Steve has sort of a sinister sense of humor. He got hold of some SUGARFOOT comic books and enlarged some of the pictures, craftily adding his own captions. Let’s see. Here’s a good ‘un. Some varmint is lassoin’ Tom “Sugarfoot” Brewster. Tom says, “Dang! Time again for the six o’clock noose.” Tom’s in the bathtub. “Mr. Warner, What do you mean stand up for the European version?” Tom’s astride a stubborn mule. “Tom attempts to get his ass on the road.” Tom’s swimmin’—a huge boulder jes’ misses his head. “You just can’t swim nekkid in the Warner Bros. pond without Clint Walker throwing rocks at you.

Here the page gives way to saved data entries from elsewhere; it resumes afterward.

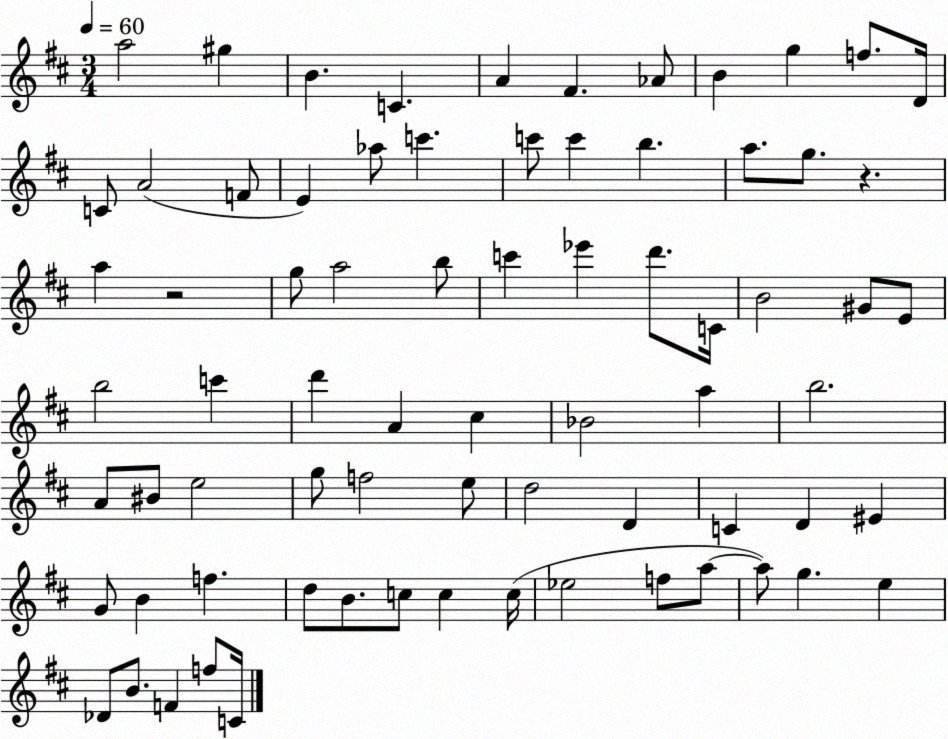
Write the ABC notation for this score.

X:1
T:Untitled
M:3/4
L:1/4
K:D
a2 ^g B C A ^F _A/2 B g f/2 D/4 C/2 A2 F/2 E _a/2 c' c'/2 c' b a/2 g/2 z a z2 g/2 a2 b/2 c' _e' d'/2 C/4 B2 ^G/2 E/2 b2 c' d' A ^c _B2 a b2 A/2 ^B/2 e2 g/2 f2 e/2 d2 D C D ^E G/2 B f d/2 B/2 c/2 c c/4 _e2 f/2 a/2 a/2 g e _D/2 B/2 F f/2 C/4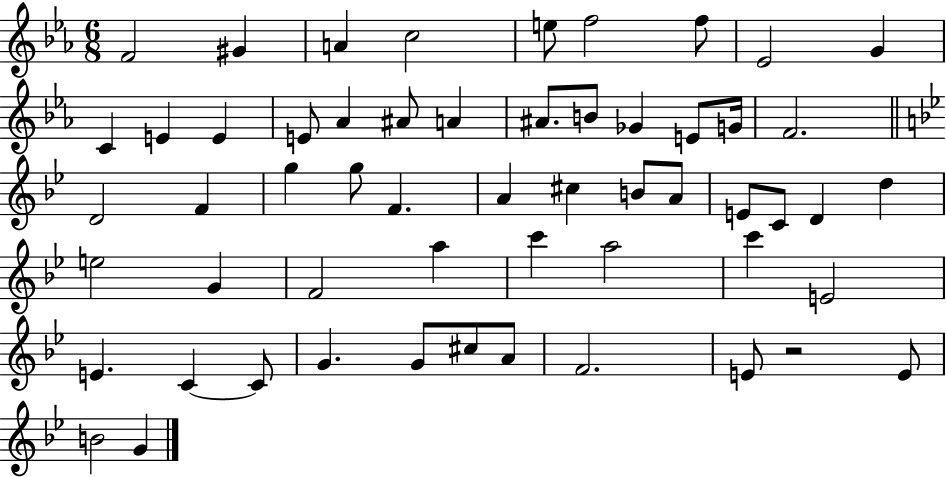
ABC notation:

X:1
T:Untitled
M:6/8
L:1/4
K:Eb
F2 ^G A c2 e/2 f2 f/2 _E2 G C E E E/2 _A ^A/2 A ^A/2 B/2 _G E/2 G/4 F2 D2 F g g/2 F A ^c B/2 A/2 E/2 C/2 D d e2 G F2 a c' a2 c' E2 E C C/2 G G/2 ^c/2 A/2 F2 E/2 z2 E/2 B2 G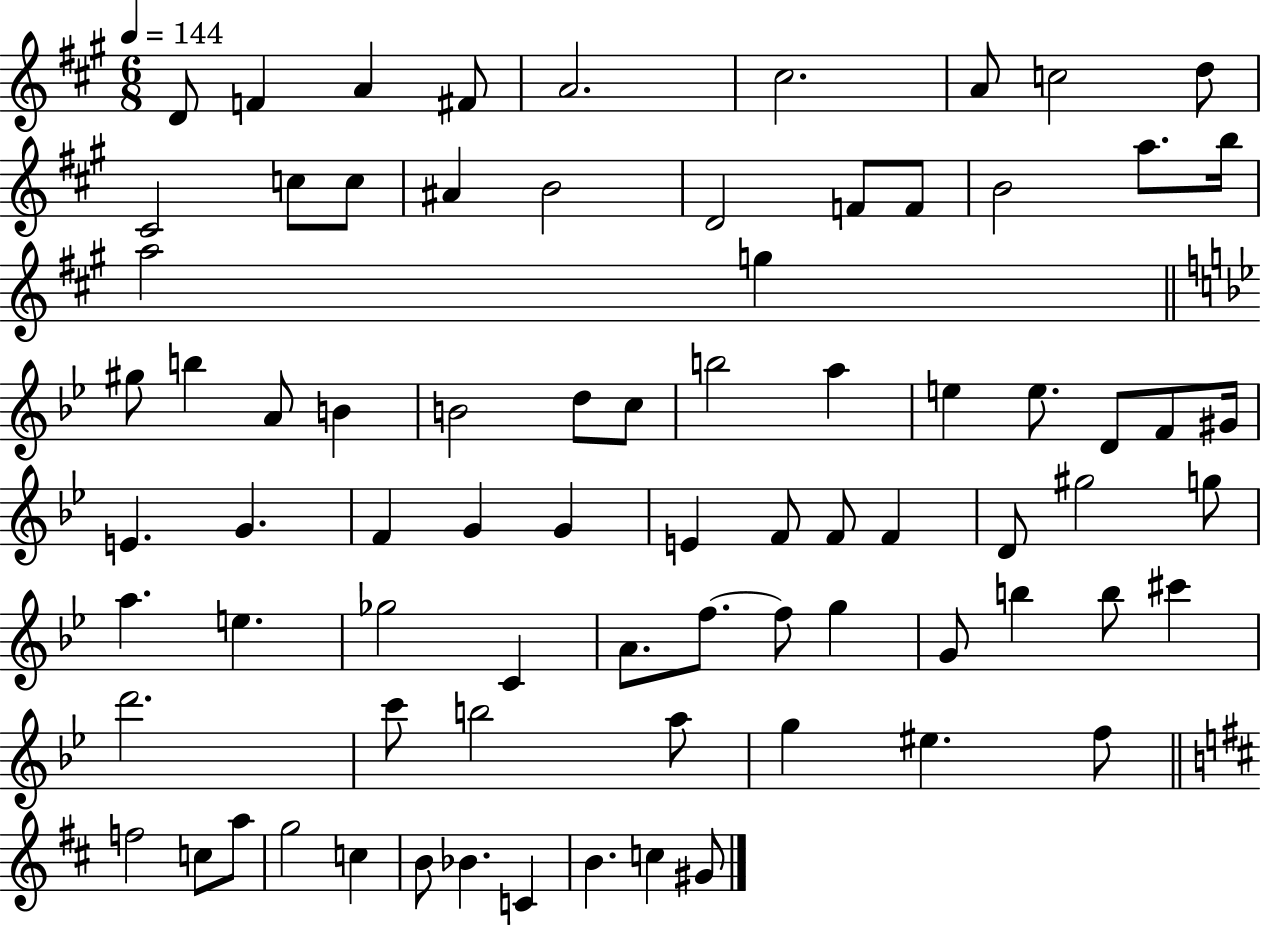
D4/e F4/q A4/q F#4/e A4/h. C#5/h. A4/e C5/h D5/e C#4/h C5/e C5/e A#4/q B4/h D4/h F4/e F4/e B4/h A5/e. B5/s A5/h G5/q G#5/e B5/q A4/e B4/q B4/h D5/e C5/e B5/h A5/q E5/q E5/e. D4/e F4/e G#4/s E4/q. G4/q. F4/q G4/q G4/q E4/q F4/e F4/e F4/q D4/e G#5/h G5/e A5/q. E5/q. Gb5/h C4/q A4/e. F5/e. F5/e G5/q G4/e B5/q B5/e C#6/q D6/h. C6/e B5/h A5/e G5/q EIS5/q. F5/e F5/h C5/e A5/e G5/h C5/q B4/e Bb4/q. C4/q B4/q. C5/q G#4/e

Here are two of my favorite “Wisdom of Sugarfoot’s”: “It’s April 1st, and I crash my car again into a Ford—now some repair guy, mad-as-sin, will send a wild bill, and we’ll duke it out over a buck. Then, I’ll be a walker and hopalong rocky lanes in a mix of weather, which blowing from the east would even chill will.” And “You know you’ve been out on the trail too long when you start noticing how pretty the curves are on your horse.” Don’t know how many of you out there read “A Touch of Hutch” in the print edition of WESTERN CLIPPINGS, but y’all take a gander at Steve St. John’s “Wisdom of Sugarfoot”.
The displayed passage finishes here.